En un cementerio de París, el de Montparnasse, están las tumbas de Charles Baudelaire y de Porfirio Díaz. La coincidencia siempre me ha llamado la atención. Me parece una extraña cohabitación, no menos extraña que este hecho: casi no hay visitante de la tumba de Díaz que no encuentre en ese lugar ramilletes de flores frescas, depositadas ahí en homenaje al “héroe del 2 de abril”, al artífice de la paz mexicana de cuatro décadas. Ese homenaje cotidiano se cumple siempre, no importa lo que haya sido el gobierno de Díaz, la Dictadura por antonomasia en México: el precio de la Pax Porfiriana lo conocemos todos: explotación, entreguismo, abusos, represión de los trabajadores. Hay porfiristas aún, entusiastas y llenos de admiración por aquel oaxaqueño taimado, astuto y voluntarioso.

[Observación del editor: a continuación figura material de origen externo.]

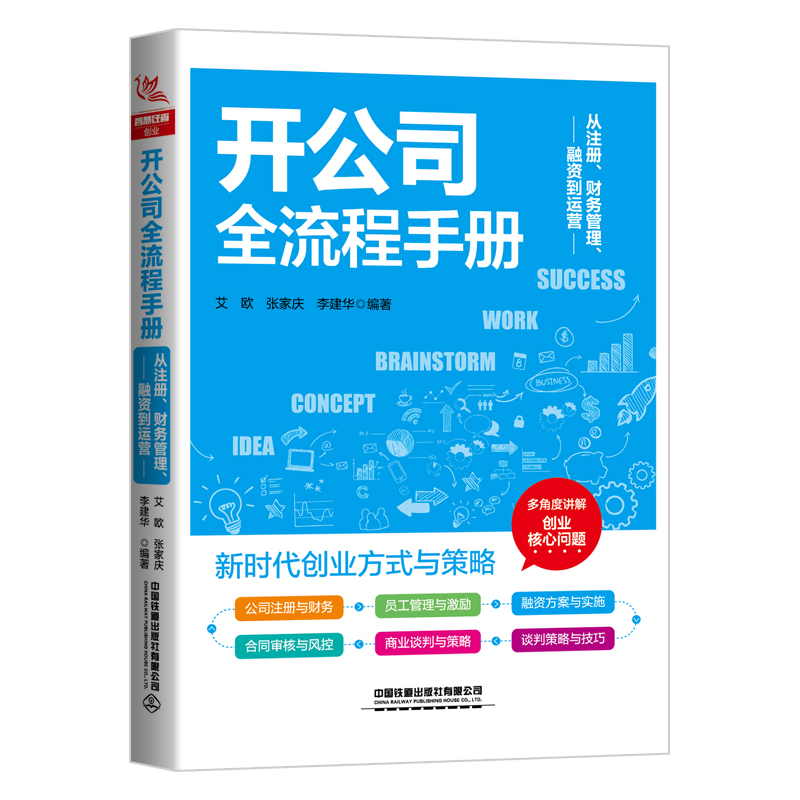 开公司全流程手册(从注册财务管理融资到运营)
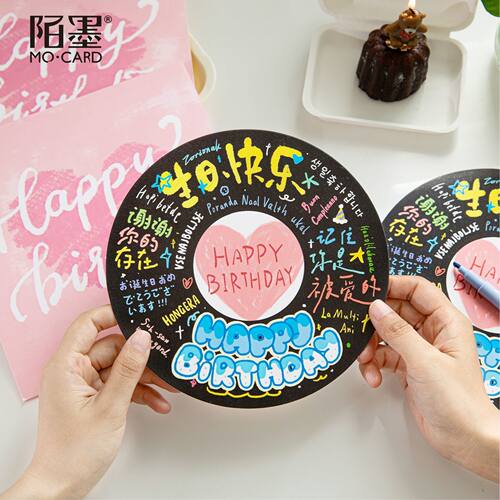 陌墨生日快乐闪砂贺卡信封套装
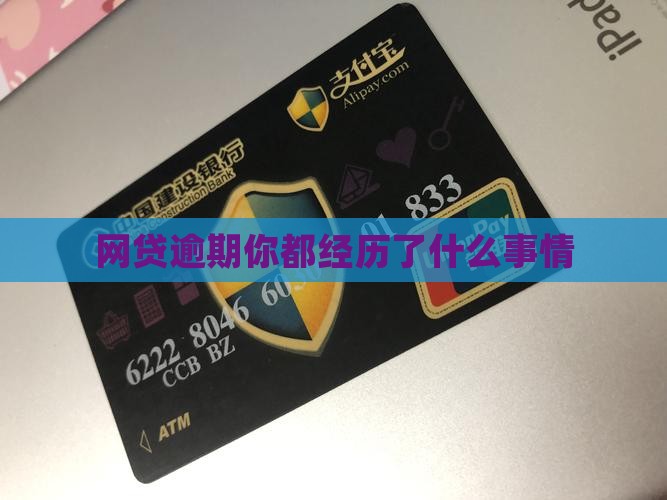 网贷逾期你都经历了什么事情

El espíritu de Baudelaire era lo contrario del espíritu de Díaz, en todos sentidos. El poeta nació hace 200 años, el 9 de abril de 1821, y su herencia está vivísima. Si bien su obra se ha convertido en clásica, esa condición no la ha condenado al mármol inaccesible e inerte de tantas otras. Famosamente, Victor Hugo elogió el libro más conocido de Baudelaire, con una frase en la que celebraba que el poeta hubiera creado “un estremecimiento nuevo”.
El afrancesamiento del régimen de Díaz implantó en México una moda de imitaciones del mismo signo en muchos ámbitos: el urbanismo, el diseño arquitectónico, la ropa, la literatura. En la poesía, la gravitación francesa contribuyó a la “liberación” del casticismo español y ayudó a la independencia en ese terreno. Podría discutirse si, en el ámbito de la cultura, la elección de Francia en menoscabo de España era necesaria. Lo cierto es que los mejores aprendieron la lección; el primero de ellos, de este lado del Atlántico, el inmenso nicaragüense Rubén Darío.

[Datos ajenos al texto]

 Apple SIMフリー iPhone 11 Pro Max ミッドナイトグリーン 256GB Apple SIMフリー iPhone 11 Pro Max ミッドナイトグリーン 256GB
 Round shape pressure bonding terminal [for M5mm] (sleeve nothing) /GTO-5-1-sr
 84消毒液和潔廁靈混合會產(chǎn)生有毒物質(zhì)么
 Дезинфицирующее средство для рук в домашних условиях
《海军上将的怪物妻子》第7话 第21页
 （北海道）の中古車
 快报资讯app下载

Ser “un afrancesado” ha sido motivo de escarnio; esa descalificación se parece a los insultos de ahora, que no voy a poner aquí; uno de ellos —de los más socorridos— proviene de un cuento de Guy de Maupassant.

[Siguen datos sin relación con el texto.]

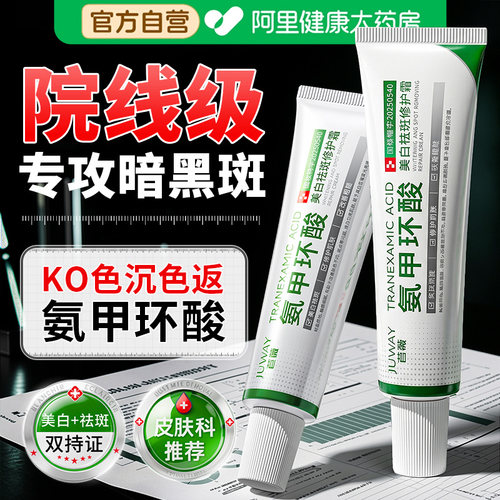 氨甲环酸凝胶乳膏官方旗舰店祛去黄褐斑分解黑色素提亮去黄传明酸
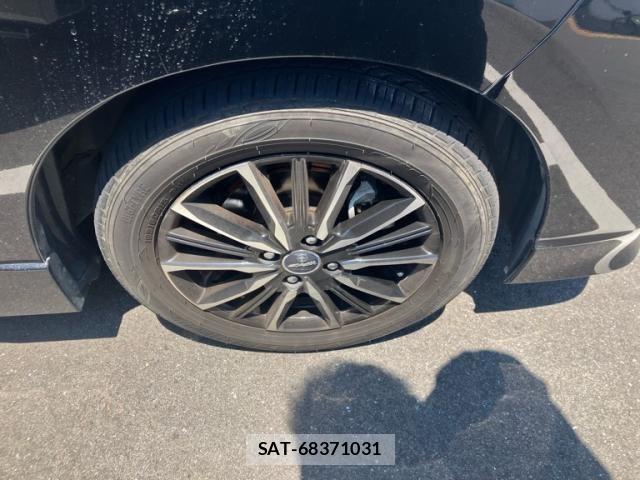 Honda SHUTTLE 2020-09 7457701-2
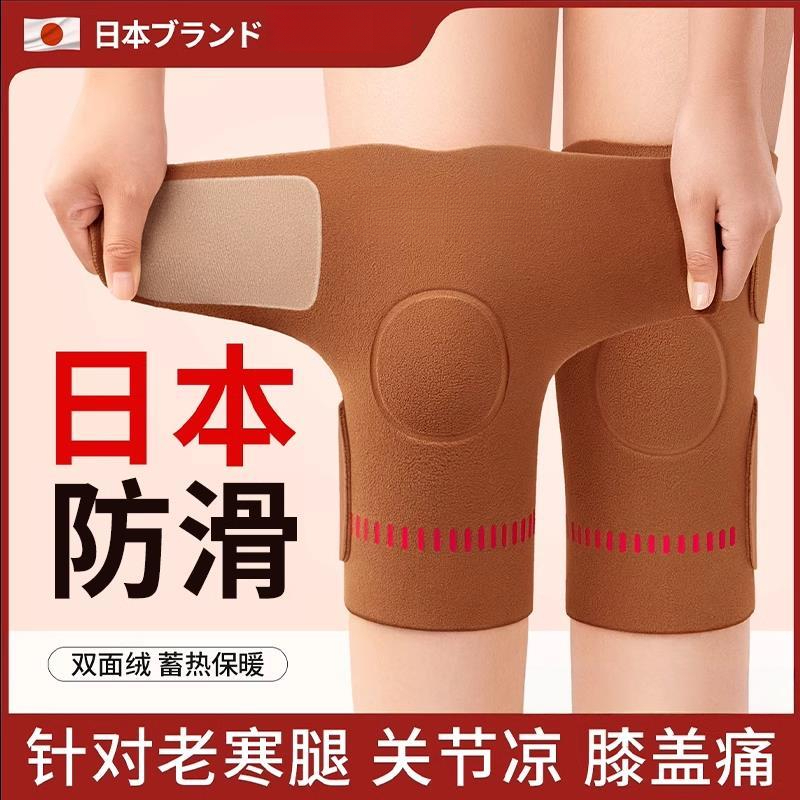 双面绒护膝盖男女士关节保暖不下滑防滑脱夏季发热老寒腿老人专用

En unos versos famosos, Ramón López Velarde evoca sus años de inmadurez, su condición de seminarista, y añade que entonces vivía “sin Baudelaire, sin rima y sin olfato”. Luis Vicente de Aguinaga encontró y comentó con brillo la fuente de esos versos. De Aguinaga es uno de los estudiosos que este año están haciendo contribuciones formidables al estudio de la López Velarde; otros nombres: Fernando Fernández, Ernesto Lumbreras, Carlos Ulises Mata. Uno de los decanos de esos estudios, el poeta Marco Antonio Campos, publicó hace poco un libro sobre el poeta jerezano. Otro decano, Guillermo Sheridan, es el autor de la espléndida biografía Un corazón adicto, que dio a conocer hace más de tres décadas.
Las tumbas de Porfirio Díaz y Charles Baudelaire se hallan relativamente cerca una de otra. En esa contigüidad veo una cifra de las relaciones, siempre problemáticas, entre la historia y la poesía.